Preheat the oven to 400°F (204°C). Spray a 12-cup metal muffin pan with nonstick spray or lightly butter each cup.
In a large bowl, combine the cooked, warmed rice and shredded cheese. Mix until well combined .
Portion the mixture into the muffin cups, filling each about ¾ full. Use your hands or the back of a spoon to press down gently and form a small well in the center to create cups.
Bake the cups for 15–18 minutes, or until the edges are golden and the centers are set. Let them sit for 2–3 minutes in the pan, then gently remove them to cool.

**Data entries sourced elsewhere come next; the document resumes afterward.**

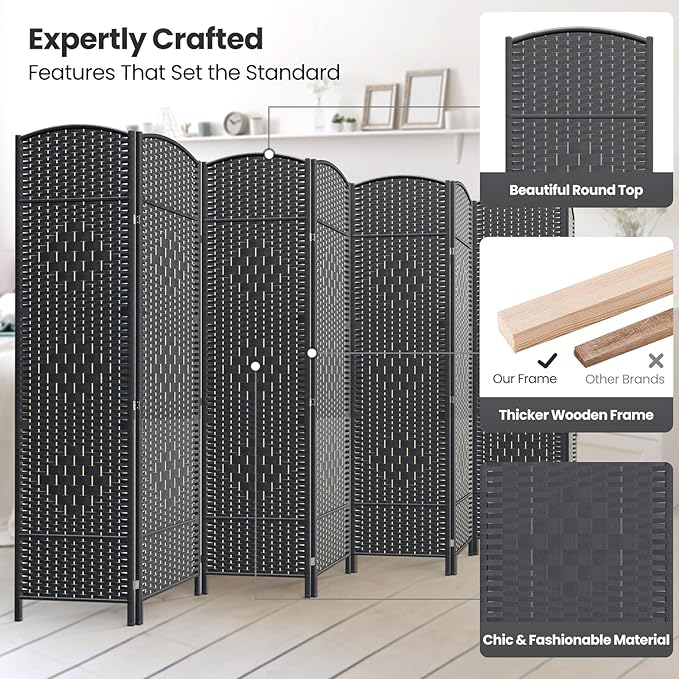 8 Panel Room Divider,6Ft Folding Privacy Screen,Tall - Extra Wide Foldable Panel Partition Wall Divider with Diamond Double-Weaved Hand-Woven Design Room Screen Divider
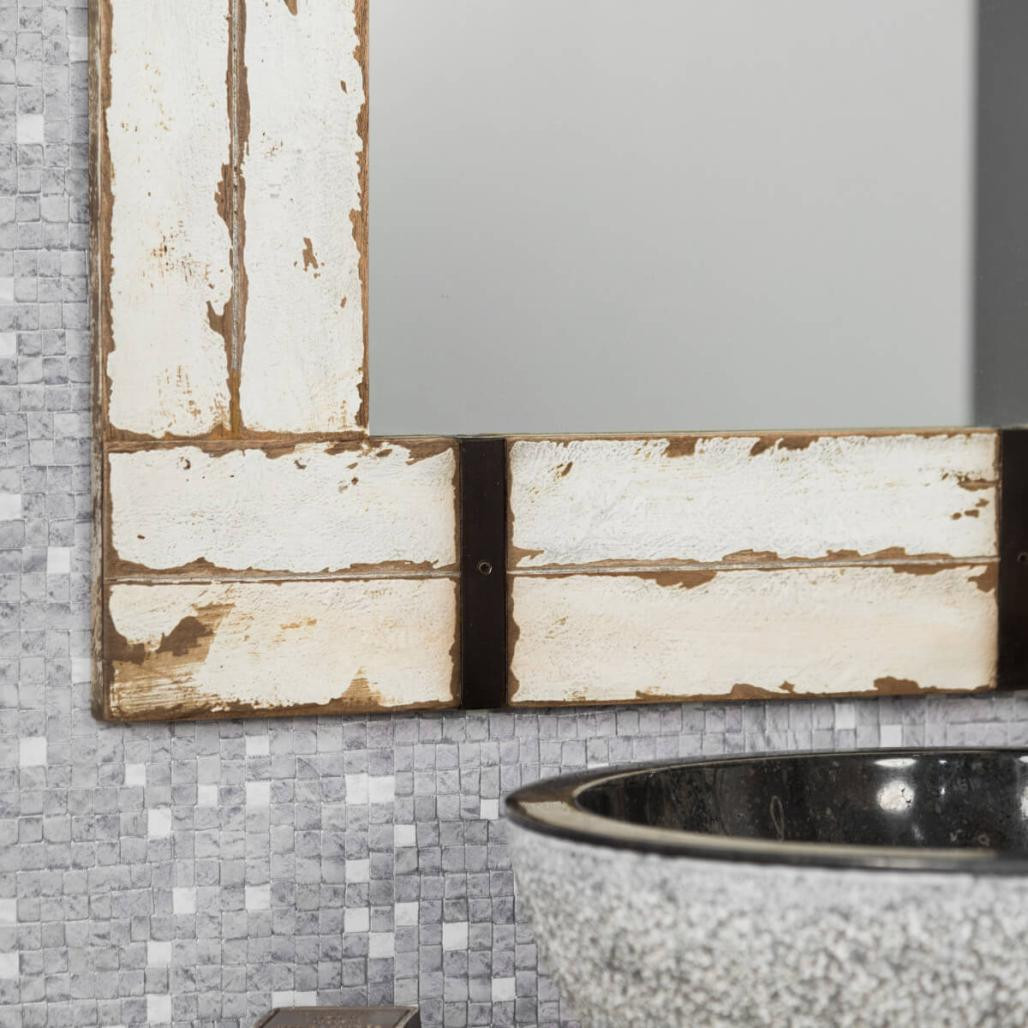 Espejo para cuarto de baño de mindi 60 x 80 cm Loft blanco Espejo para cuarto de baño de mindi 60 x 80 cm Loft blanco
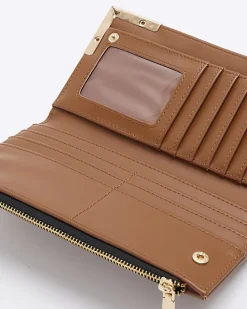 Beige wave RI monogram purse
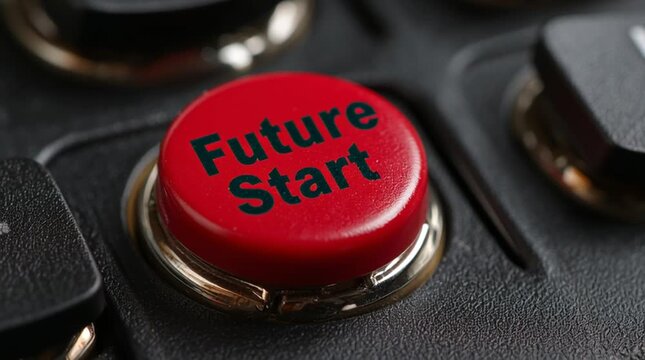 Human Finger Presses a Bright Red Button with future Start in Green Letters, Symbolizing New Beginnings, Ambition, and the Initiation of Future Plans and Opportunities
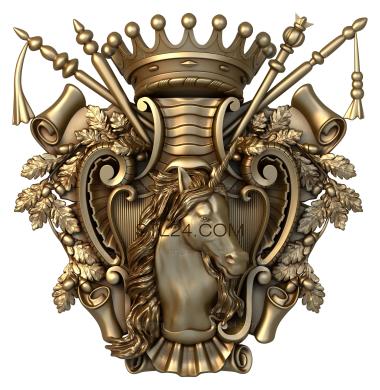 Панно (Герб с лошадью и короной, PD_0386) 3D модель для ЧПУ станка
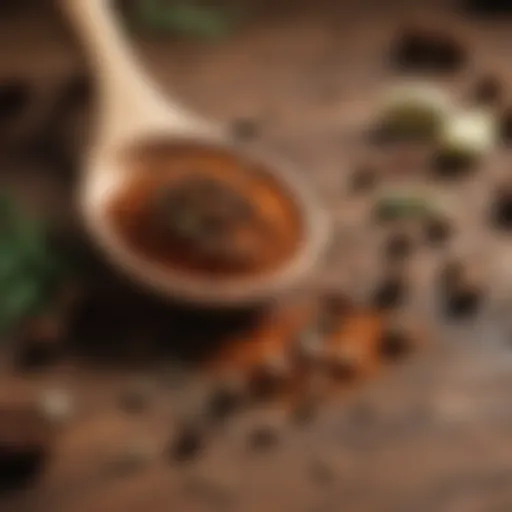 Artisanal Spice Blend in Wooden Spoon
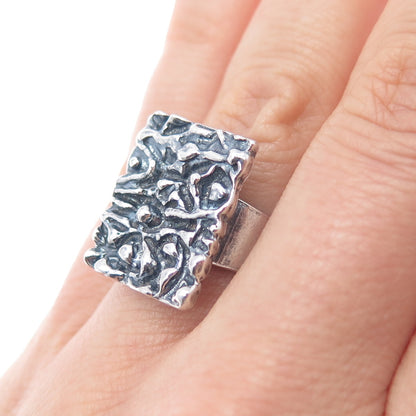 925 Sterling Silver Vintage Israel Modernist Oxidized Ring Size 5.75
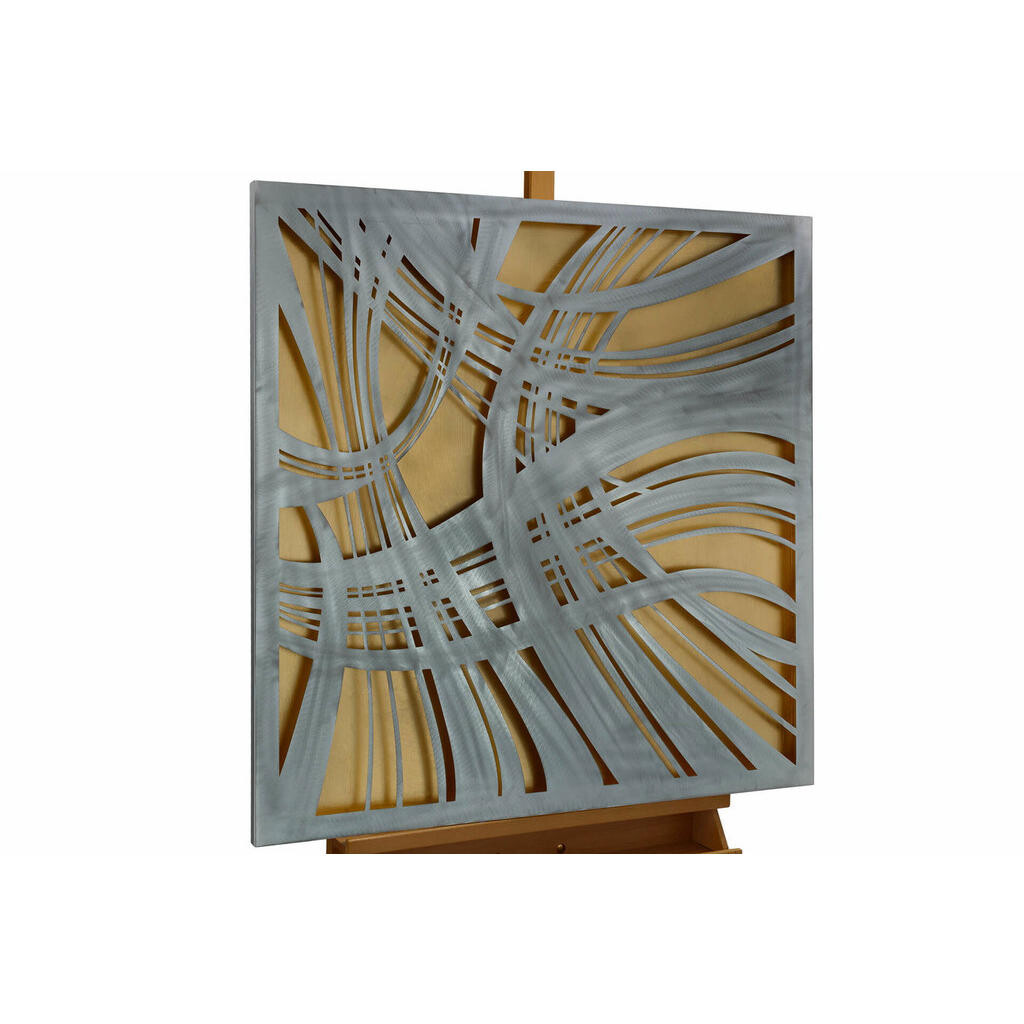 KUNSTLOFT KOVOVÝ OBRAZ STŘÍBRO VĚTRU, 80/80 CM
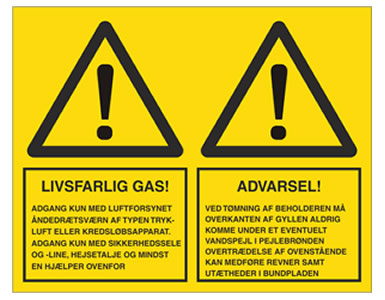 gylleskilt livsfarlig gas og advarsel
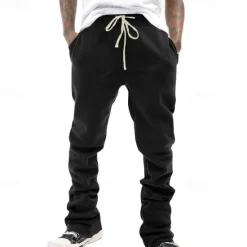 Outlet OUKU Men's Sweatpants Trousers Casual Pants Drawstring Elastic Waist Straight Leg Plain Comfort Sports Outdoor Daily Fashion Casual Black Pink Micro-elastic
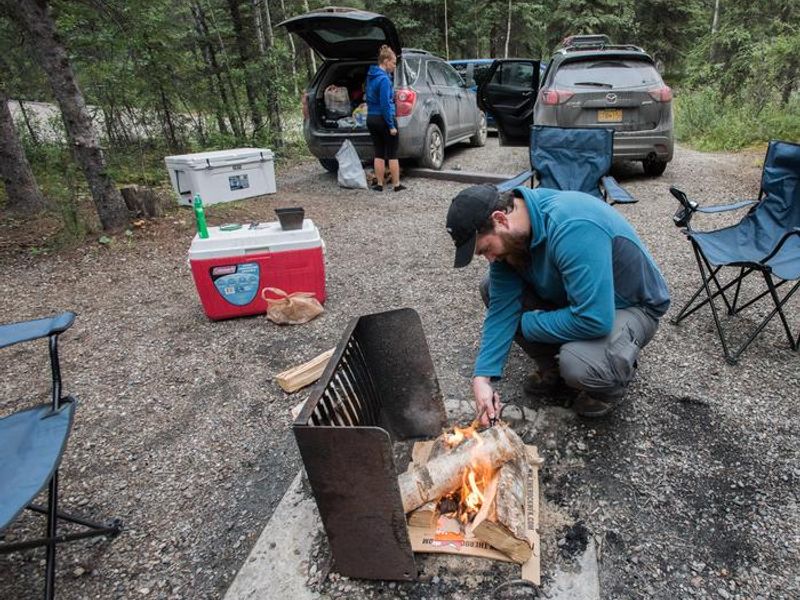 Up to two vehicles may park at a Riley Creek Campsite, as long as the total vehicle length doesn't exceed the campsite's max (either 30' or 40')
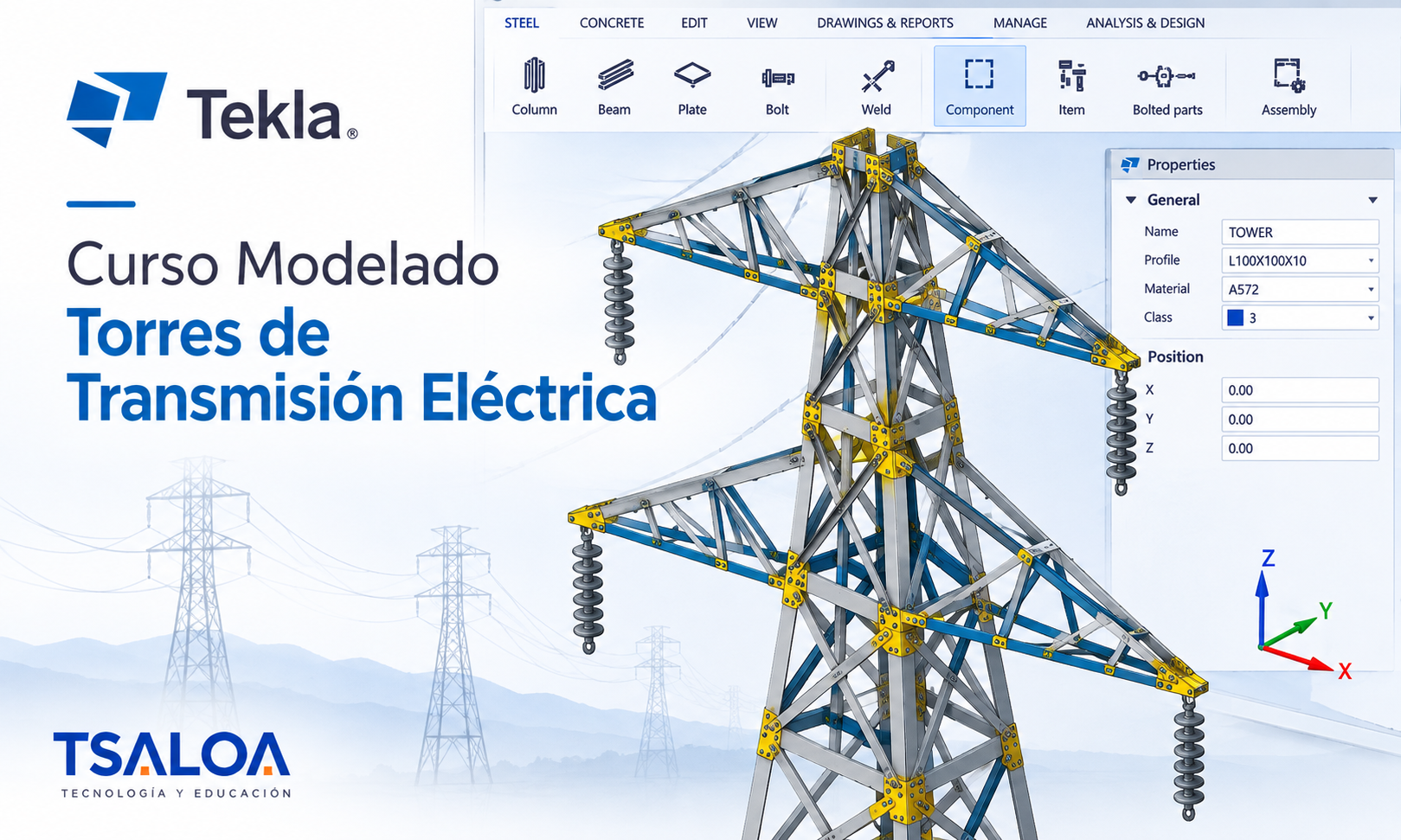 Tekla Modelado Torres de Transmisión Eléctrica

While the rice cups bake, pat the salmon cubes dry. Coat them with the seasoning mixture (paprika, onion powder, garlic powder, salt, and black pepper).
Place the seasoned salmon cubes in the air fryer in a single layer. Air fry for 8–10 minutes, or until cooked through and slightly crispy. (If you prefer to bake, place the bites on a parchment-lined baking sheet and bake at 425°F (220°C) for 10–12 minutes.)
In a small saucepan over low-medium heat, melt the butter. Once melted, add the honey and whisk until smooth and slightly thickened. Turn off the heat and add the cooked salmon cubes to the sauce, tossing to coat evenly.
Top each cheesy rice cup with 3–4 salmon cubes and drizzle the honey butter sauce on top. Add optional toppings like avocado slices or sesame seeds, if desired.